ただ、演劇公演のあとメリアがいなくなった時の僕の状態を考えると……
少なくとも今の僕には戻れないだろう。
僕はメリアを愛している。
守りたい。
一緒の時間を過ごしたい。
メリアに触れて、言葉を、心を交わしたい。
死はそれをすべて奪い去る。
もし、メリアが僕と同じように思っているのなら、僕はいずれ彼女からそんな思いをすべて奪ってしまうんだ。
風に揺れて木々がざわめき、緑色の葉が陽光を受けて輝く。
祭りに浮かれる人々の歓声がここまで届く。
僕は色と音に溢れたこの世界からいなくなる。
メリアを置き去りにして。
そのことを無責任だとイスカリオスはなじったのだ。
なるほど、そのとおりだ。
自然治癒を終えた僕が自宅に戻ると、メリアが帰ってきていた。
「クルスさん! おかえりなさい……ってなんですか!?
その格好!?」
「鍛錬をしていた」
「鍛錬って……」
「大丈夫だ。怪我はしていない」
僕は騎士服を脱いで、以前メリアが買ってきてくれた麻のシャツに袖を通す。
「クルスさん……本当に大丈夫ですか?」
心配そうに僕の背中に声を掛けるメリア。
「怪我はしていない」
「怪我をしていなくても大丈夫じゃない時はあります。
人間って、そういうものでしょう?」
人間……か。
皮肉なものだ。
人間より頑丈で人間の代わりに戦うために作られたはずのホムンクルスが、人間よりも早く死ぬ挙げ句、そのことで人間を傷つけてしまうなんて。

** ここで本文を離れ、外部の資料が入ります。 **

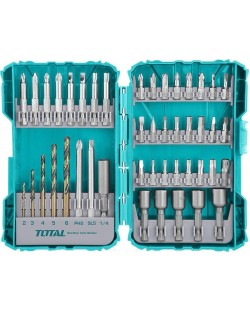 Set de biți și burghie TOTAL - Industrial, 45 piese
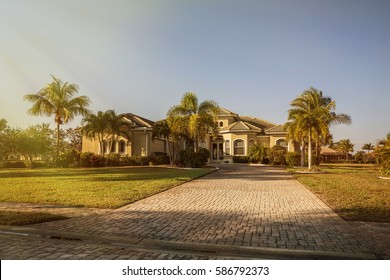 South Florida Single Family House In Sunny Day. 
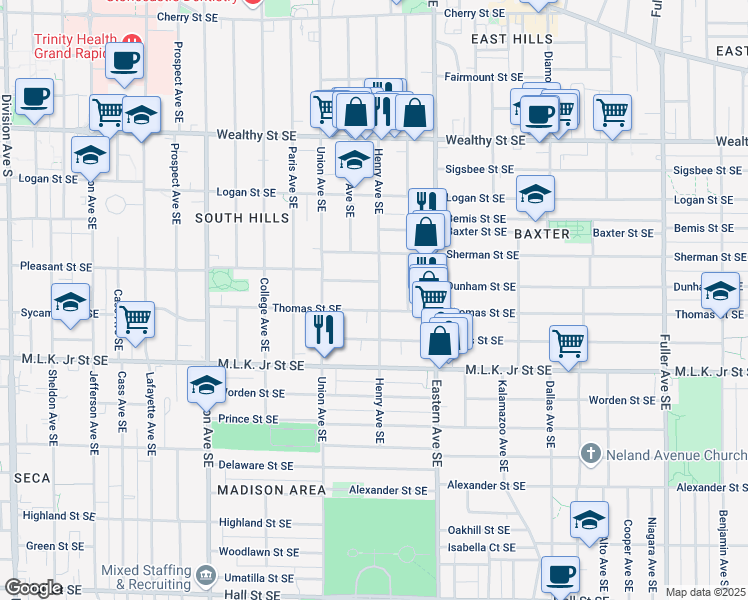 map of restaurants, bars, coffee shops, grocery stores, and more near 651 Henry Avenue Southeast in Grand Rapids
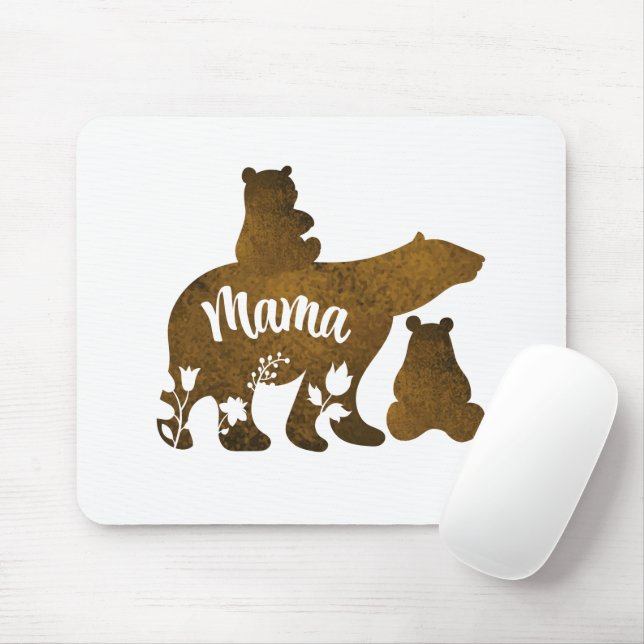 Mama Bear With 2 Cubs Mom of Two Mouse Pad (With Mouse)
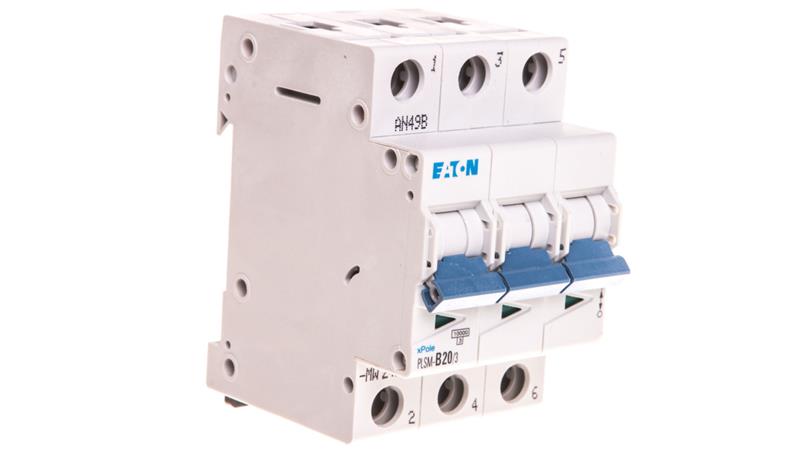 Wyłącznik nadprądowy 3P B 20A 10kA AC PLSM-B20/3-MW 242449-16923 Wyłącznik nadprądowy 3P B 20A 10kA AC PLSM-B20/3-MW 242449-16923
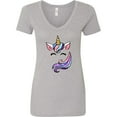 thumbnail image 3 of Inktastic Cute Colorful Galaxy Unicorn Women's V-Neck T-Shirt, 3 of 5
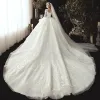 Chic / Beautiful Ivory See-through Wedding Dresses 2020 Ball Gown Scoop Neck 3/4 Sleeve Appliques Lace Pearl Chapel Train Ruffle Backless
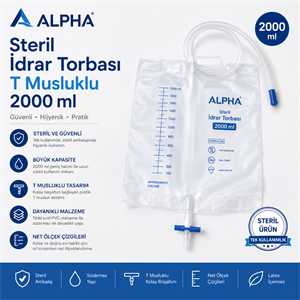 ALPHA Steril İdrar Torbası T Musluklu 2000 ml  1 adet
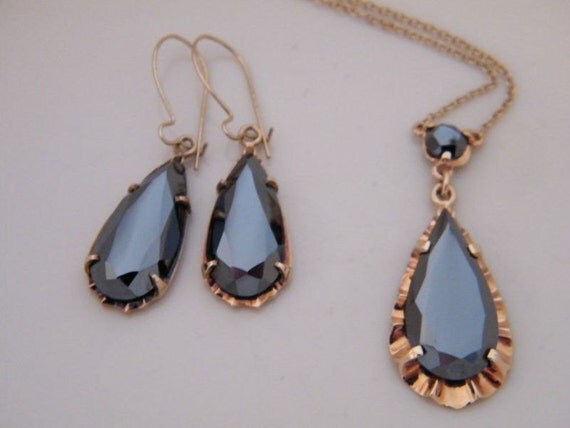 ... Black Alaskan Diamond (Hematite) Gold Necklace & Earring Jewelry Set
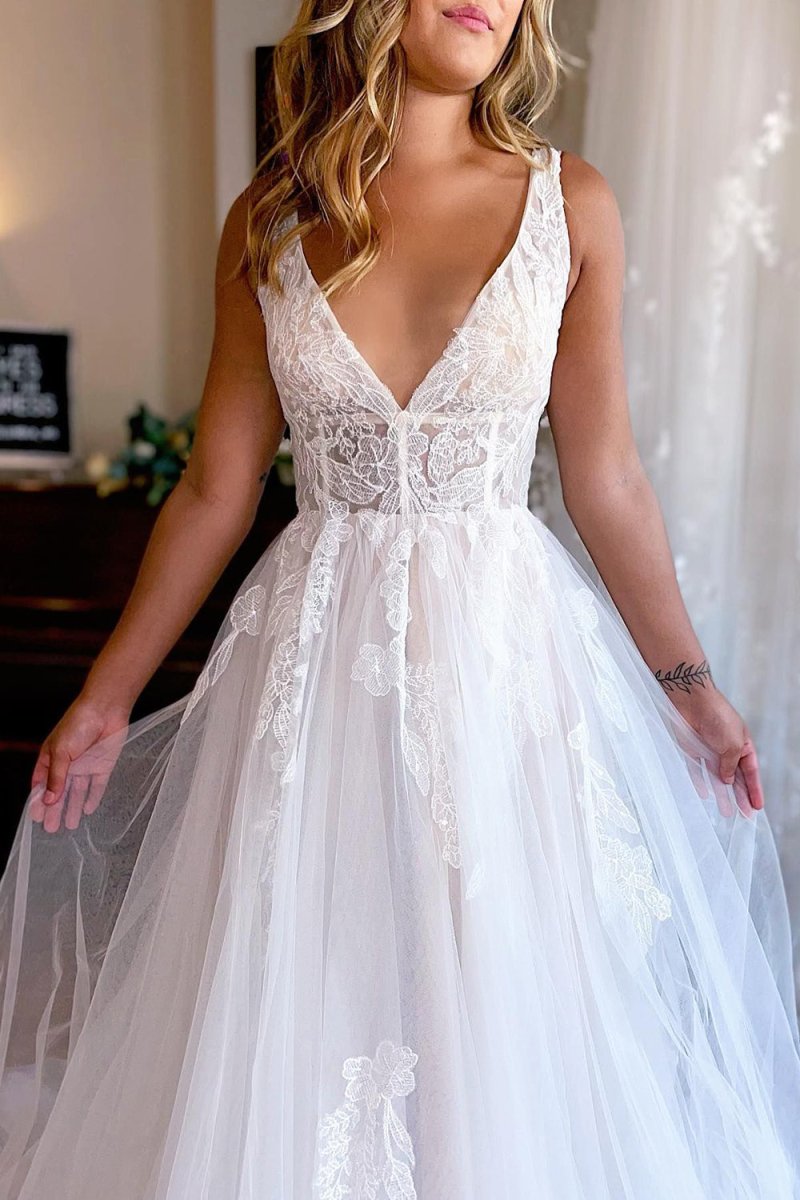 Jaylani | Ivory A - Line Deep V - Neck Backless Long Wedding Dress with Lace - KissProm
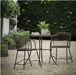 Metro Garden Furniture Bistro Set, Noir, Metal, 3 Piece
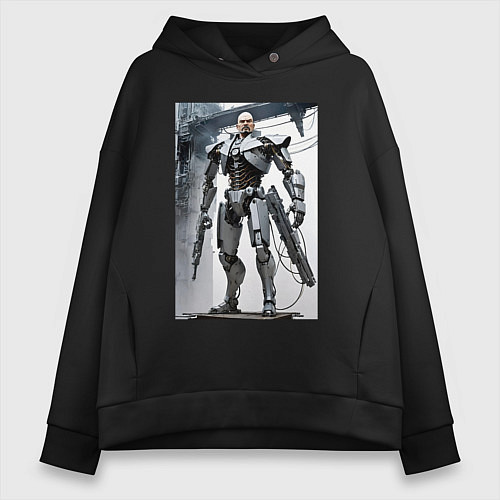 Женское худи оверсайз Ленин робот - киборг ai art / Черный – фото 1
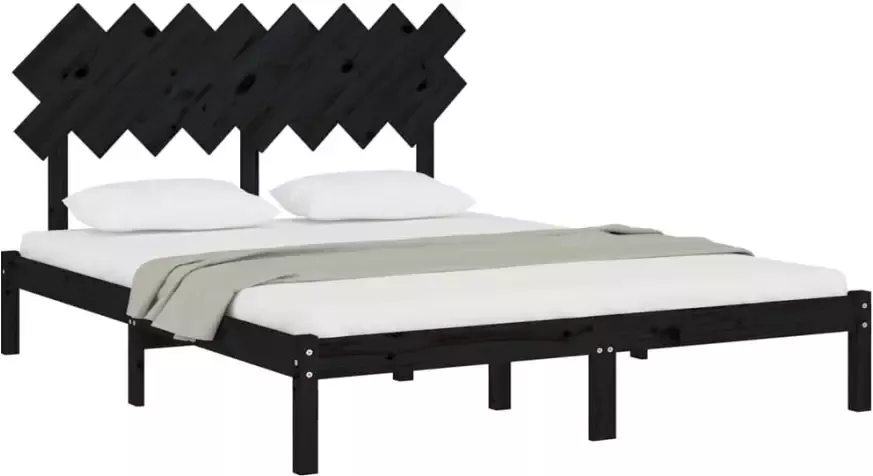 VidaXL -Bedframe-massief-hout-zwart-160x200-cm - Foto 3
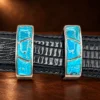 GL Sterling Silver & Sonoran Gold Turquoise Ranger Design 4pc. Belt Buckle Set — detail view 3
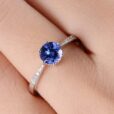 Blue Round Proposal Ring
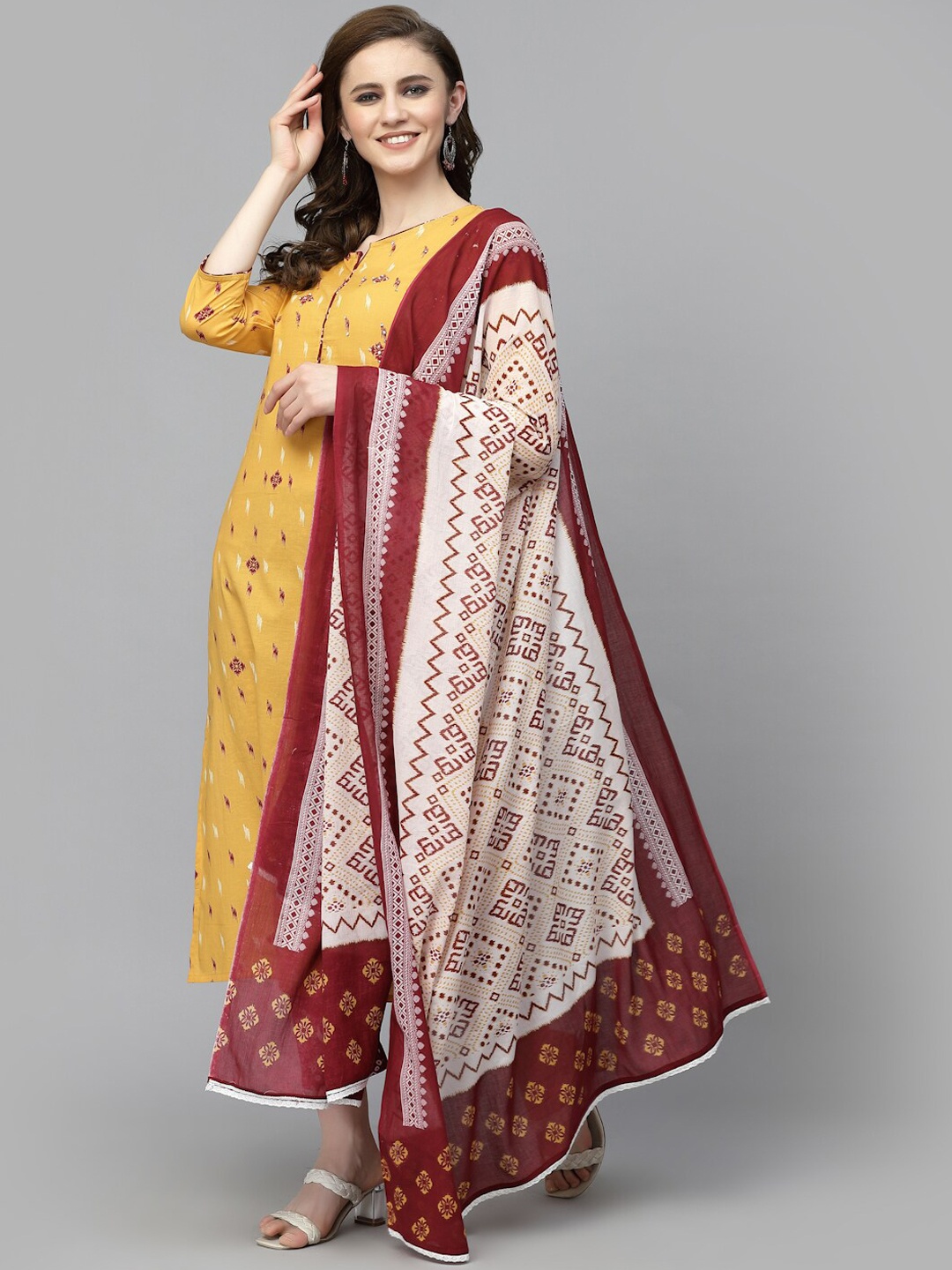 PRAKRTEE Ethnic Motifs Printed Sequinned Pure Cotton Kurta with Trousers & With, Mustard
PRAKRTEE Ethnic Motifs Printed Sequinned Pure Cotton Kurta with Trousers & With, Mustard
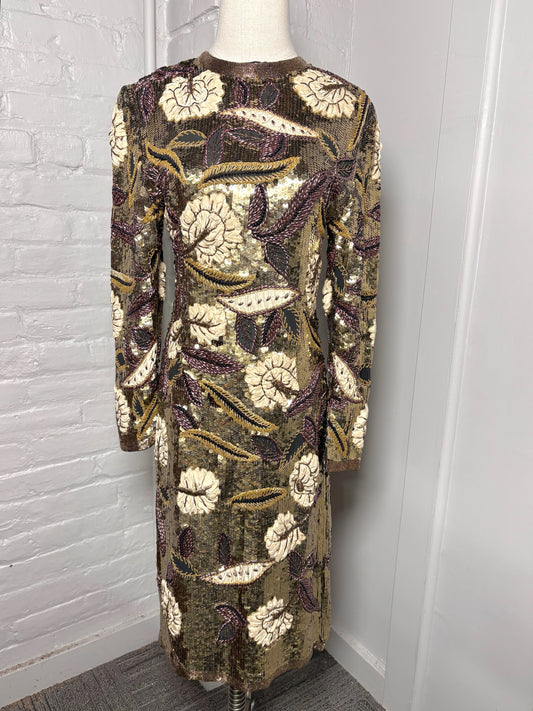 Women Size XS I. Magnin Gold Multi-Beads Vintage Dress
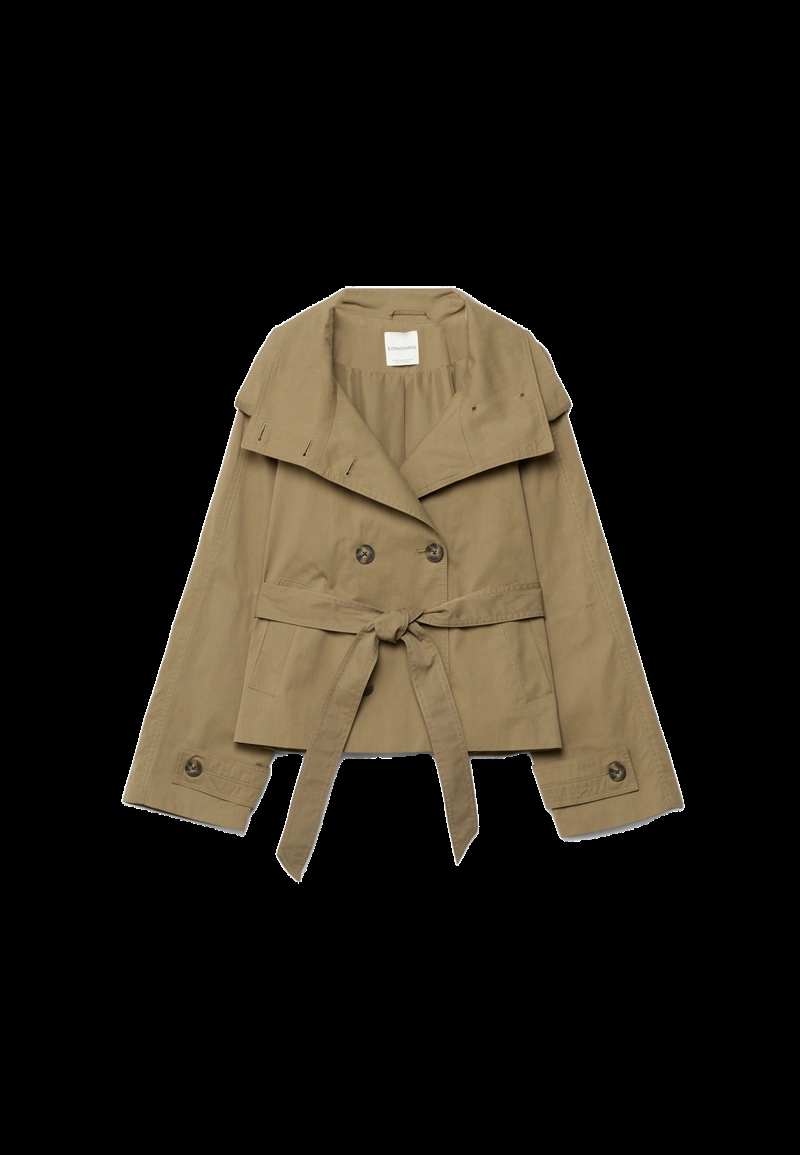 Тренч с высоким воротом и поясом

そして……傷ついてしまうのが誰よりも守りたいと思ったメリアだなんて。
「ああ……大丈夫じゃない」
自分でも驚くほど弱々しい声が出た。
「クルスさん」
メリアの指が僕の方にかけられる。
その手が僕の胸に回り、僕はメリアに抱きかかえられた。
「何があったか話してください。
一人じゃ抱えられないことも、二人ならなんとかなるかもしれません」
背中からメリアの体温が伝わってくる。
メリアに触れた時も触れられた時も僕の感情は大きく揺れてどうしようもなくなる。
僕はきっとメリアといることで不安定で非合理な人間の精神を僕は植え付けられてしまったんだ。
「一人じゃなきゃ……いけないんだ」
「えっ?」
僕はメリアの腕をほどき、振り向いて向かい合う。
「イスカリオスから……討伐軍に従軍するよう命令を受けた」
「イスカリオス様から!?」
「ああ。僕はそれなりに戦力になる。
平和な帝都で遊ばせておくより、魔王軍にぶつける方が有用だということだろう」
メリアは立ちくらんだように後退する。
「そんな……クルスさんはその命令を――」
「受けたくはない。
だけど、帝国で生きていく以上、将軍の命令に逆らうことは出来ない。
だからーー」
僕は一拍おいて、次の言葉を口にする。
「僕は帝国から逃げようと思う。
自ら死にに行くなんて僕にはできない。
帝国の目の届かないところまで逃げて、穏やかに暮らそうと思う」
僕は今どんな顔をしているのだろう。
メリアの表情から推測する限り、驚くほど情けない顔をしているのか。
「わかりました……
そうですよね。
クルスさんは帝国の出身でもないですし、騎士になったのも成り行きみたいなものですし。
命をかけて戦わなきゃいけない義務はないですよ。
イスカリオス様もいますし、クルスさんがいなくても帝国軍はきっと勝ちます。
だから、構わないですよ」
メリアはかすかに笑って、僕の両手を握る。
その手の握り方は卵を扱うように柔らかく、僕を気遣ってくれているようだった。
「でしたら、私も準備をしないといけないですね。
とりあえず、千年祭の仕事が終わったら書き置きをして、実家で身支度をして、路銀を用意して」
「メリアもついてくるつもりなのか?」
僕は驚いて声を上げる。
メリアはキョトン、とした顔で。
「当たり前じゃないですか。
そもそもローリンゲン家もリーベンデルド家も血の繋がりがあるわけでもないですし、むしろ体よく利用されることばかりでしたから。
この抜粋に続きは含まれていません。